Gather every line in the records below that contains the word "estudios".

**Data shown:**
%%
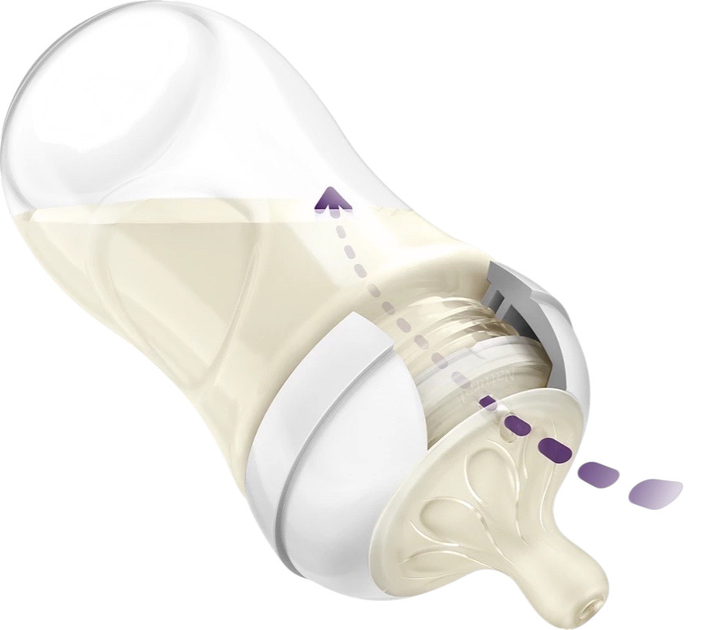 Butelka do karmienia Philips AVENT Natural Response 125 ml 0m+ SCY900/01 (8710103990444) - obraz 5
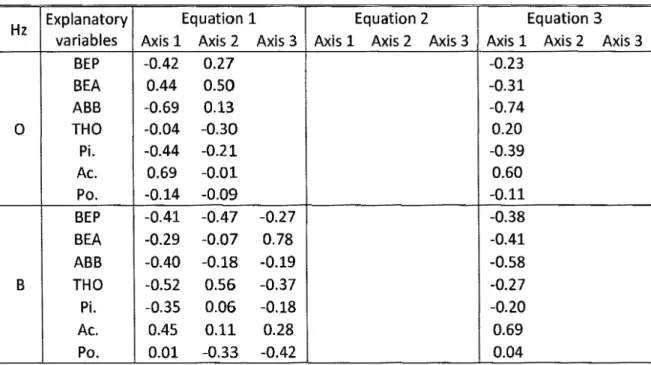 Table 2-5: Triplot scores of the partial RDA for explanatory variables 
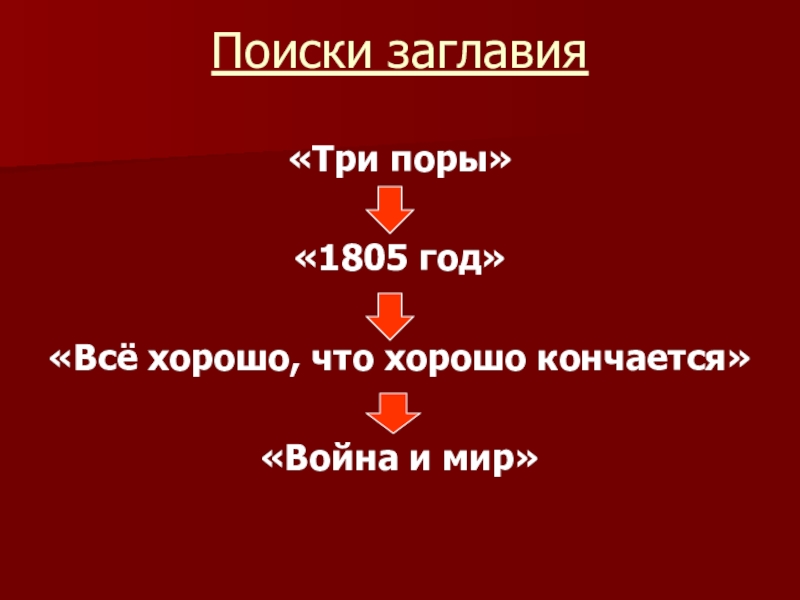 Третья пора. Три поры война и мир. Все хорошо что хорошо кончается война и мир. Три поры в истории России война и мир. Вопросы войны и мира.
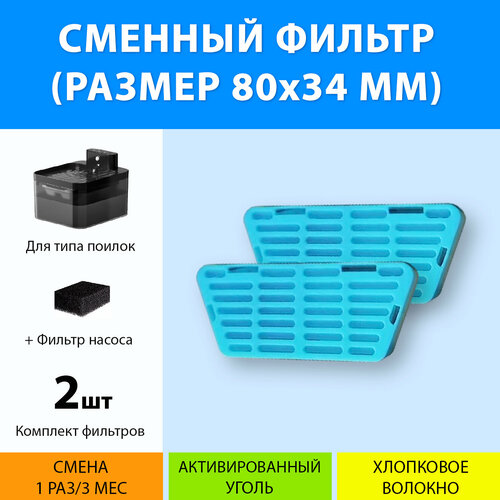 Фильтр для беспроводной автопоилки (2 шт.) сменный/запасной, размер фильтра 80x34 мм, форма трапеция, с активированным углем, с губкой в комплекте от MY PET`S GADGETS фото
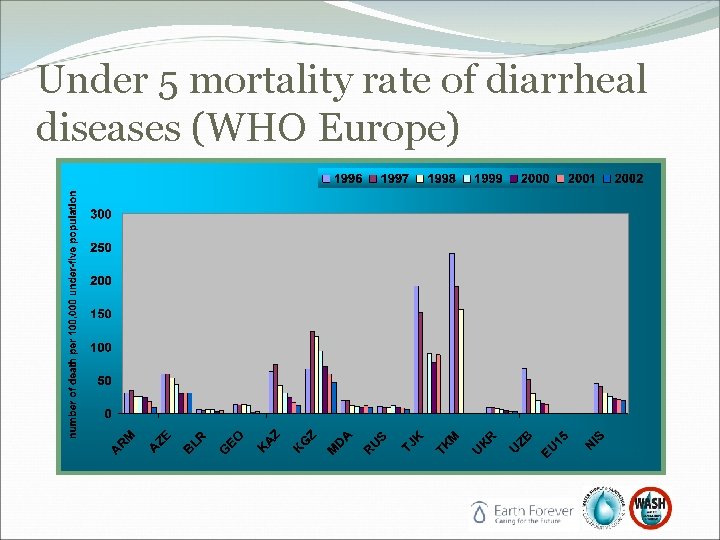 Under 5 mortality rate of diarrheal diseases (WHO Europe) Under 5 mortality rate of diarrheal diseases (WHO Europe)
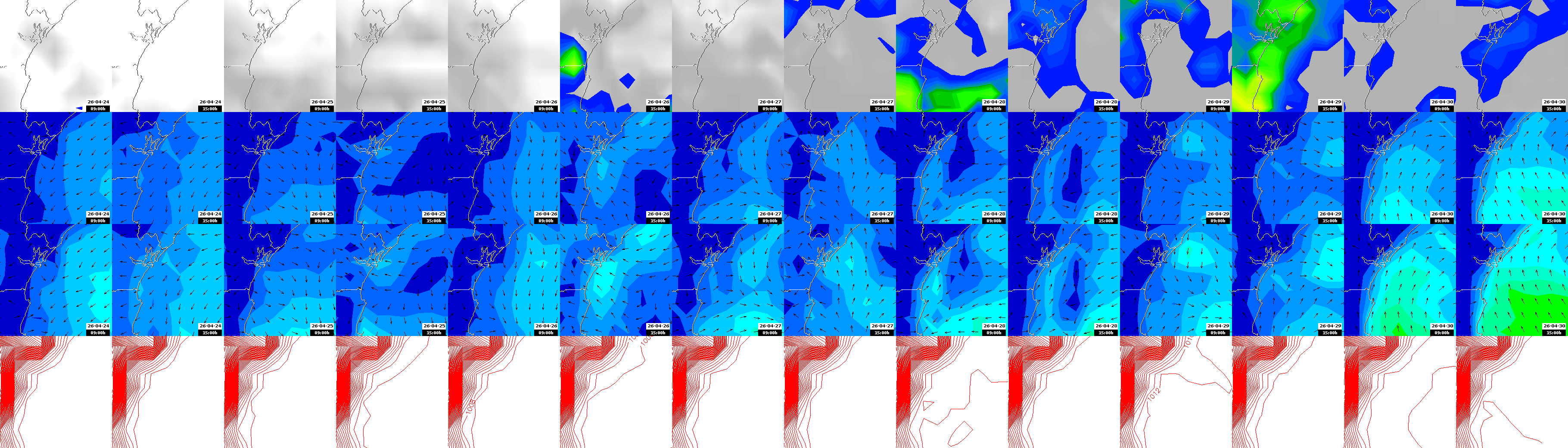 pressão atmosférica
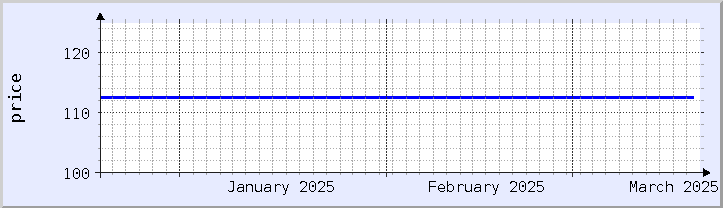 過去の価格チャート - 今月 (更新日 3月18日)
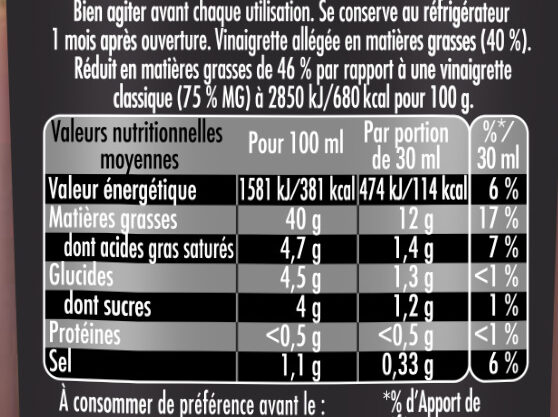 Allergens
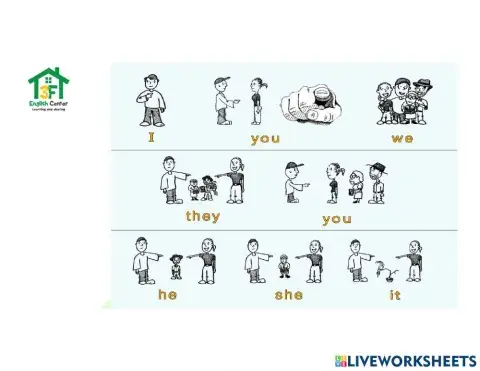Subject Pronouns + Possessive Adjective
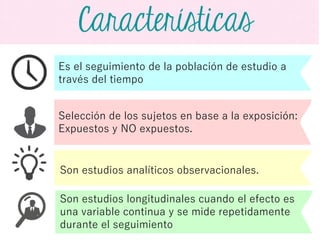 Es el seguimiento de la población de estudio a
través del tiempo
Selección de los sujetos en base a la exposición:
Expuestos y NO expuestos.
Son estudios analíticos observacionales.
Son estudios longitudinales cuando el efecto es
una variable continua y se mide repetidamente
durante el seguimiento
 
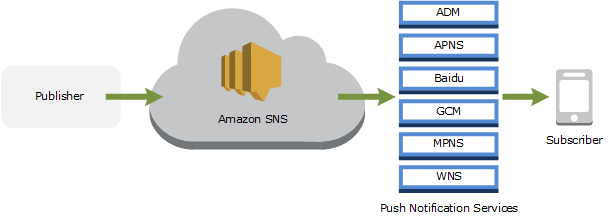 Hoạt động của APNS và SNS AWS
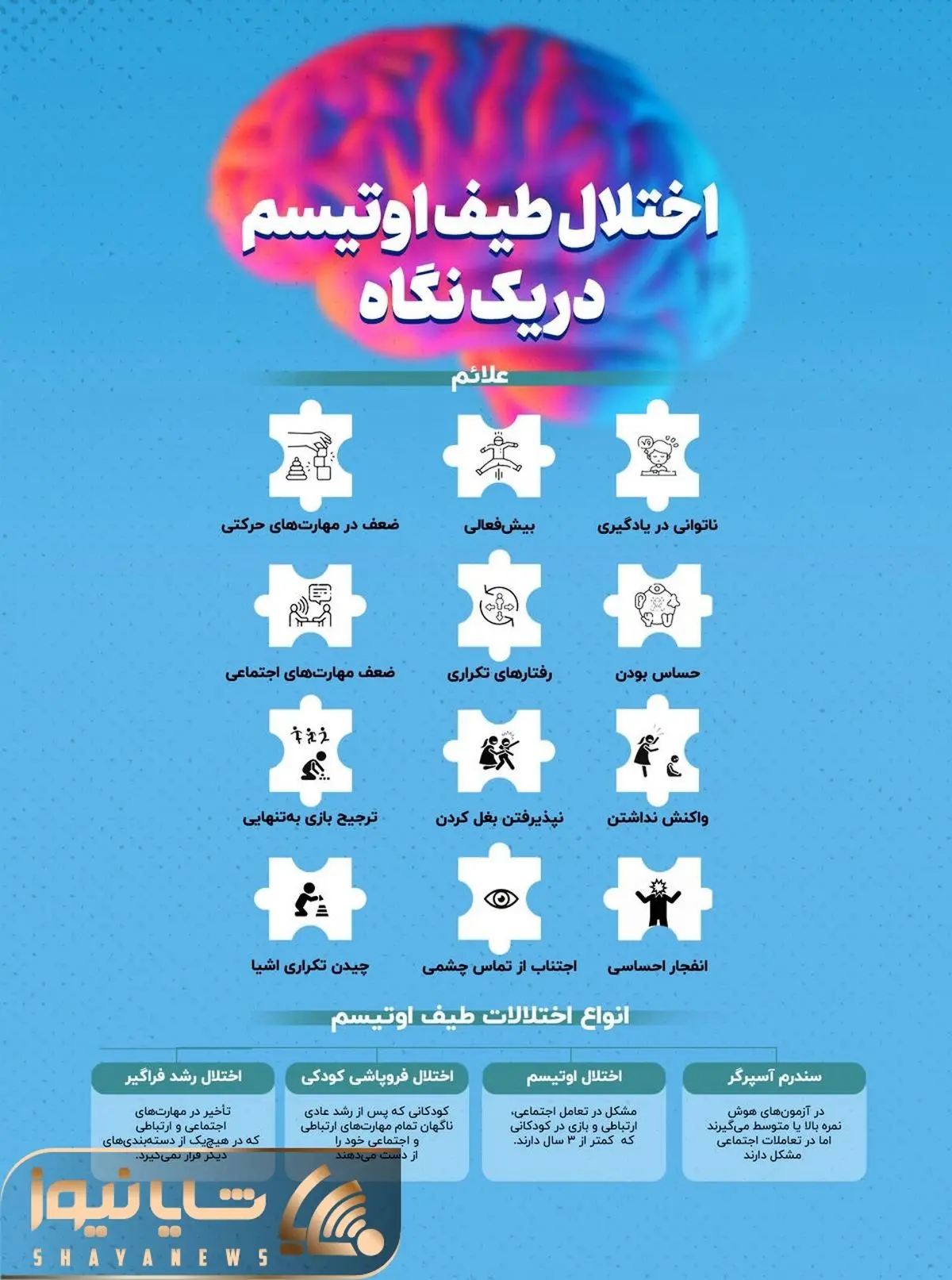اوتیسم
%%
**Output for this exercise:**
Son estudios analíticos observacionales.
Son estudios longitudinales cuando el efecto es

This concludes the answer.